Users can already configure a uripath regex if they want that.

If you think its slower this way, please provide numbers :-)

>>
>> any decent regexp engine will be better at this than your linear search.
>
> Do you think compiling a regex (ok, it's made once) and matching it to
> an url (maybe _huges_ urls, maybe many hundreds times per second) are
> cheapper than this file_suffix implementation ?
>

Hmm, I didn't look it over carefully earlier.
In light of the above comments, I did and now have these points for
optimization:

* strrchr() is probably the better for finding the '.'
     the forward-search is likely to be on average slower than the
reverse-search.

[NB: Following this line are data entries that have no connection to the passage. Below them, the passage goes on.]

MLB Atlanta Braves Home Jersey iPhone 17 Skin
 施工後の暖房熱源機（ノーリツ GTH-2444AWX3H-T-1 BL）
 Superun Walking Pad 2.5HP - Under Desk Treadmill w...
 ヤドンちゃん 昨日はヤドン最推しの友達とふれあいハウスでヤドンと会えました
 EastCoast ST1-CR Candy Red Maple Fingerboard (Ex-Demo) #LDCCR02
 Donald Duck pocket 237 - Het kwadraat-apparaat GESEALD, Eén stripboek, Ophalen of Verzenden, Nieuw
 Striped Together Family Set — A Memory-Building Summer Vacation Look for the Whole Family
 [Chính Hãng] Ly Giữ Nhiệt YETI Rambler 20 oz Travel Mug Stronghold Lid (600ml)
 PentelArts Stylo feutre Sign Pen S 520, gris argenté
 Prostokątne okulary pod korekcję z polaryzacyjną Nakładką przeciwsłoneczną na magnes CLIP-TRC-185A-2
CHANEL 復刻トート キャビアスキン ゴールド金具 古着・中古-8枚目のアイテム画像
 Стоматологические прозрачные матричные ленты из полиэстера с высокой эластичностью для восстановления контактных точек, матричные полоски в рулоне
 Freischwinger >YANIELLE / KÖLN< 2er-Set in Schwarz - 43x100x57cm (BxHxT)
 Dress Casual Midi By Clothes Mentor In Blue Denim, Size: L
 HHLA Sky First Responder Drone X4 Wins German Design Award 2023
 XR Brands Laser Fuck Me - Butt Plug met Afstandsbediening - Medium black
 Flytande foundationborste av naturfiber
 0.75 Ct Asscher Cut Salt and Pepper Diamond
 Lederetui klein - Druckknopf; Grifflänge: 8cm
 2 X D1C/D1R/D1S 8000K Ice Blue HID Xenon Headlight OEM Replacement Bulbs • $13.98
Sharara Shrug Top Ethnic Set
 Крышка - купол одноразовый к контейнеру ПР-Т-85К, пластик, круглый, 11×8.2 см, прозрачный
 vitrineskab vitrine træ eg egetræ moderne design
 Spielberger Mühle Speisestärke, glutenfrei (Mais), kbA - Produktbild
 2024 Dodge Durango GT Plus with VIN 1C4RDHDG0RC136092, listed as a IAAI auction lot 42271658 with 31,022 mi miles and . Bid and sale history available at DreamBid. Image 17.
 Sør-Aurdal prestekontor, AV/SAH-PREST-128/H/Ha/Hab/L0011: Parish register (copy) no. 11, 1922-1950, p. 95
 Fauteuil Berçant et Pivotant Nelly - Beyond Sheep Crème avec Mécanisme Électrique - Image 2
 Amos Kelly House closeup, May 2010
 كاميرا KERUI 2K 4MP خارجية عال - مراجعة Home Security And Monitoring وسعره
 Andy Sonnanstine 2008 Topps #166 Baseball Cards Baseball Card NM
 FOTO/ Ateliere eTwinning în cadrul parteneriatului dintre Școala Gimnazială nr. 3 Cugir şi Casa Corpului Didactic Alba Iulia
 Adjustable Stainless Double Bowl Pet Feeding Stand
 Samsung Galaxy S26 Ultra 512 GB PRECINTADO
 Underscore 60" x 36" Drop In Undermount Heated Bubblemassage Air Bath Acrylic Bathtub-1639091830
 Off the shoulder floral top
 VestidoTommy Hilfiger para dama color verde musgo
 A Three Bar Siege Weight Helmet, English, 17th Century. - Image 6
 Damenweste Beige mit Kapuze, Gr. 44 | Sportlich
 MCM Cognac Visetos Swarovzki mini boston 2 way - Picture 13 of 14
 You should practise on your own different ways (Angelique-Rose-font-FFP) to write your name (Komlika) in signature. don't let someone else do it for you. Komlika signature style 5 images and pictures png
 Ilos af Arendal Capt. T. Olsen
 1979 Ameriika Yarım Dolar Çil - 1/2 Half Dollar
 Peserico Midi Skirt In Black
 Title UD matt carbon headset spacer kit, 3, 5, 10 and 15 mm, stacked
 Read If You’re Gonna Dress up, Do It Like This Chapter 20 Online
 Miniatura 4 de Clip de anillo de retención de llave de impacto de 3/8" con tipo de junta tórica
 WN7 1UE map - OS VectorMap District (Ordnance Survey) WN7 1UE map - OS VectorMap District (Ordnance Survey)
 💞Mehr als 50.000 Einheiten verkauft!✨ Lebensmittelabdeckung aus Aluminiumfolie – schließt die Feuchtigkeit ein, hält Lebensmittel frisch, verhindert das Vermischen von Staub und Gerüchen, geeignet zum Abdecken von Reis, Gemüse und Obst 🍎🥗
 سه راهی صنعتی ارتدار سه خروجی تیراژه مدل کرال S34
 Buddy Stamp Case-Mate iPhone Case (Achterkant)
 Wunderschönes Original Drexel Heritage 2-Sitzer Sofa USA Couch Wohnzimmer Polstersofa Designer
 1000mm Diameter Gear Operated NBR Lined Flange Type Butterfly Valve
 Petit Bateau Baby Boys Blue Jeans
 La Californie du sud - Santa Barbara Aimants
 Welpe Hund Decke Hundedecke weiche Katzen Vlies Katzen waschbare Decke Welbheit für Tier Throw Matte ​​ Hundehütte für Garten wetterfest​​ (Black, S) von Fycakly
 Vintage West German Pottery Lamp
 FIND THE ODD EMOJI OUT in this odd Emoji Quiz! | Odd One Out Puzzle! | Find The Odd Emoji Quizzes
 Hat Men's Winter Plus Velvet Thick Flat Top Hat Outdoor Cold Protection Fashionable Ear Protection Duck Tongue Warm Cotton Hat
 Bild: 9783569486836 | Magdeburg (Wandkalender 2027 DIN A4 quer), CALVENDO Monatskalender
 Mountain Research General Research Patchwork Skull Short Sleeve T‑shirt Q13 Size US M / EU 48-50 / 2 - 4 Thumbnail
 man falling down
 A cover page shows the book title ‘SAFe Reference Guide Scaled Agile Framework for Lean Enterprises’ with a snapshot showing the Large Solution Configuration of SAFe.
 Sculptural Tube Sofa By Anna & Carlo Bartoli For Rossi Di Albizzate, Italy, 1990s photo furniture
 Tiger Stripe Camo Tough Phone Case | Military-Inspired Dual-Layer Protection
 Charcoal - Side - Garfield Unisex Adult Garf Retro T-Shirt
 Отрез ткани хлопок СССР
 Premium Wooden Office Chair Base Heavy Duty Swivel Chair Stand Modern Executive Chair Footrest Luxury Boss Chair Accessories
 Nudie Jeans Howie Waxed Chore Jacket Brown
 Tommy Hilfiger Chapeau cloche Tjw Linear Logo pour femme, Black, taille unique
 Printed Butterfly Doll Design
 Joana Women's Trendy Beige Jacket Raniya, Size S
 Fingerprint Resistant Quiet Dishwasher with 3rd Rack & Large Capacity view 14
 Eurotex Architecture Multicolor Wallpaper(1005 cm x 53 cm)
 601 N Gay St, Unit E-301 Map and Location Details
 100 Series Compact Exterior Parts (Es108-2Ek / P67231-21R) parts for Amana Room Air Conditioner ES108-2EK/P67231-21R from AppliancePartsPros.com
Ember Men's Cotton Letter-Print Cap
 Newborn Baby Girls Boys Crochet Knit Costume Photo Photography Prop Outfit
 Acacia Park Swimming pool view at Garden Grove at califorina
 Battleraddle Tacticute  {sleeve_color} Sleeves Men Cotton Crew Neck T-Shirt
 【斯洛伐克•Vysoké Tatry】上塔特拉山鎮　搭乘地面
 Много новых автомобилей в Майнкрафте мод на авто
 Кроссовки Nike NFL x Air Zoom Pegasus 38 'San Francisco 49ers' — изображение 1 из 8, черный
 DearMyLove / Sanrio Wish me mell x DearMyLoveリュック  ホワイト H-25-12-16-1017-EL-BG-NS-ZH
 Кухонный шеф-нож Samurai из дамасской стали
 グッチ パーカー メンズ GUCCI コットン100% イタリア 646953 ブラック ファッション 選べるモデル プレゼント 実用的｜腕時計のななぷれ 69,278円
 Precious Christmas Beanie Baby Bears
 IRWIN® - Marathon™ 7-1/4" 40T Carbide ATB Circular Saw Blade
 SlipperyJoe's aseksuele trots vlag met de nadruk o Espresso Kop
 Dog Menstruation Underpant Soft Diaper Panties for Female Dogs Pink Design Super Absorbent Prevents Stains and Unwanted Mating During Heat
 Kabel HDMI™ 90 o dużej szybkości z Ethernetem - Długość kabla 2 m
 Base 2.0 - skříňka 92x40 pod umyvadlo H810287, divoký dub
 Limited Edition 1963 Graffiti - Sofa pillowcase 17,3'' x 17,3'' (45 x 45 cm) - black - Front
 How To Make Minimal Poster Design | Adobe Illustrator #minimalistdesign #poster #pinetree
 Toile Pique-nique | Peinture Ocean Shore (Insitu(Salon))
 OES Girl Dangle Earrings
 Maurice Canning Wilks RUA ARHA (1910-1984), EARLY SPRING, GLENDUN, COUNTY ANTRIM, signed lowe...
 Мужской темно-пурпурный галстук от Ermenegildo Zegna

Particularly for objects without parameters which are
in the majority.

* strlen(l->key) is relatively quite slow and CPU intensive. If possible
it needs to be moved outside the core while-loop. Probably by basing the
strncmp length on the tested files ext (or ACL_FILE_SUFFIX_SZ) than on the
key.

* with the above ACL_FILE_SUFFIX_SZ would be useful then to limit the
scanning time as well as the config parsing.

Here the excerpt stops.